Evidently it was not something she had to think about for any great length of time. She didn’t exactly say that she would like to come. What she said was, “How soon can we leave?”
And Zenta said, “I am coming with you, of course.”
“It will be some days before we can leave. Perhaps a week, perhaps longer.”
“We can wait. And you may stay here with us, it is safe here.”
“There are others with me. An old man and a young girl.”
“They will stay with us also.”
“And you must not speak a word of this to anyone. It is very dangerous.”
“I understand.”
“And I too.”
“Not a word.”
“No. The old man and the girl, where are they?”
“A few doors away,” I said. “I will fetch them now.”
I hurried back to the cafe. Minna and Milan were at a table where I had left them. The soup bowls were gone – they had shared mine between them, Minna told me – and she was finishing a meal of roast pork while Milan dealt with a meat pie.
I had just enough rubles to cover the check. “We can go now,” I told Minna in Lettish. “We can go now,” I told Milan in Serbo-Croat.
And that, I thought, was going to be a nuisance.
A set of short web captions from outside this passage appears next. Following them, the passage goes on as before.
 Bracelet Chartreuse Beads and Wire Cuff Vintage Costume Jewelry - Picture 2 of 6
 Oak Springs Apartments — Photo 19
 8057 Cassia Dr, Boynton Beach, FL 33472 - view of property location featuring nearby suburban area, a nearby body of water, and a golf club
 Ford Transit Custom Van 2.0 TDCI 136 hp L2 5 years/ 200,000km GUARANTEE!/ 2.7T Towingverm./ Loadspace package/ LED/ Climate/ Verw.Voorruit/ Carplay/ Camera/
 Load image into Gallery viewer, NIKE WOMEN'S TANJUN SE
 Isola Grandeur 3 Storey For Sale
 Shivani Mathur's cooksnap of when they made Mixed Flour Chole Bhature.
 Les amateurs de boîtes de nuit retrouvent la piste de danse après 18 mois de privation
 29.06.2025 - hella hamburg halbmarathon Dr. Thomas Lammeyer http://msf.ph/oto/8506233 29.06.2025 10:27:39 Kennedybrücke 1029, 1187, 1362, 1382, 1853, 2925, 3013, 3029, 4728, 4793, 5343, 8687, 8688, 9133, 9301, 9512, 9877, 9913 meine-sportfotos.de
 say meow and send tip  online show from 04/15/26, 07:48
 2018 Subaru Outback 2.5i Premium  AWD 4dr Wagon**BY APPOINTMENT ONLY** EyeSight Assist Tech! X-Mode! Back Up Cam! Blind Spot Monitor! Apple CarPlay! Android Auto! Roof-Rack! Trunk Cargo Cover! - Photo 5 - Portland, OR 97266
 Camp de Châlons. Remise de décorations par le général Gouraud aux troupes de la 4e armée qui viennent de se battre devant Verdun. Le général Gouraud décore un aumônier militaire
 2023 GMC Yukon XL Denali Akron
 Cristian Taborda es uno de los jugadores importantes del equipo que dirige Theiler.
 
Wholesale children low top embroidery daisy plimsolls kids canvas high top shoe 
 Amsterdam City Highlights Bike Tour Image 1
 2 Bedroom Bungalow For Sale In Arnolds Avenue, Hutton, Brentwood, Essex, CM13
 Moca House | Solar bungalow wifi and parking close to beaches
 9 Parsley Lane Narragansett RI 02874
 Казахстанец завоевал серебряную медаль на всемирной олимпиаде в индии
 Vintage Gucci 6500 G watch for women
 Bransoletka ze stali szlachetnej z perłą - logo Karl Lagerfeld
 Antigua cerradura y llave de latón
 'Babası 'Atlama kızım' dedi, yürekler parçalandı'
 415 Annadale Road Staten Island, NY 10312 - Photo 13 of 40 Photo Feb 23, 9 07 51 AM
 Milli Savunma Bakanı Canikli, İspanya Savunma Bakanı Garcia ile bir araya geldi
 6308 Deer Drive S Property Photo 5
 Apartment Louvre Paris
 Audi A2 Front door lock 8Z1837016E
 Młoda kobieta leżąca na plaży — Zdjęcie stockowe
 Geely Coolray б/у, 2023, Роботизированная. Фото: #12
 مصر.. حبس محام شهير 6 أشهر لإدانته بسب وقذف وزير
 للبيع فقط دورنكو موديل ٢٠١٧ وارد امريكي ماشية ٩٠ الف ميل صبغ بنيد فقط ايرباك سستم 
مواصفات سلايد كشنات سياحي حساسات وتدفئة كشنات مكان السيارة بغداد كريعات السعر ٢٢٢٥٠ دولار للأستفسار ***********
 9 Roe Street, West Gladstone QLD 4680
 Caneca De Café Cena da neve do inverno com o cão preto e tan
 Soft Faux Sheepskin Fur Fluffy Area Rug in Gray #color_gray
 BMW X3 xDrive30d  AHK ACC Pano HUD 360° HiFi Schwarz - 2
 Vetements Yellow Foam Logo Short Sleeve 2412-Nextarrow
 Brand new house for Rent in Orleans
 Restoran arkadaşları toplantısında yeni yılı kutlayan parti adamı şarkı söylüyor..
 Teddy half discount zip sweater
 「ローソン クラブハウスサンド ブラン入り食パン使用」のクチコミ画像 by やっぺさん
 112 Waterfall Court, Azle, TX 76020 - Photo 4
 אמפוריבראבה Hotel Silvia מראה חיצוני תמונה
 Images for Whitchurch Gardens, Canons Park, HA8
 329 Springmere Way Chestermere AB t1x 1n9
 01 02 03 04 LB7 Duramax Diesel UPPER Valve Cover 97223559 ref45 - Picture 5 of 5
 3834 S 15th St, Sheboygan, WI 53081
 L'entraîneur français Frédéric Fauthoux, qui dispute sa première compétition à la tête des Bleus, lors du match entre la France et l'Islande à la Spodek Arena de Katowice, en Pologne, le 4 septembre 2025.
Giving everyone directions in a different language and having persons in the party who were unable to communicate with one another could only prove to be a mammoth headache. I’ve always disliked the notion of Esperanto, feeling that a variety of languages makes the world infinitely more interesting, and to me the myth of the Tower of Babel has always had a happy ending. But now I could somewhat appreciate the desirability of a universal language, if only to be dragged out on special occasions. This, certainly, was one such occasion.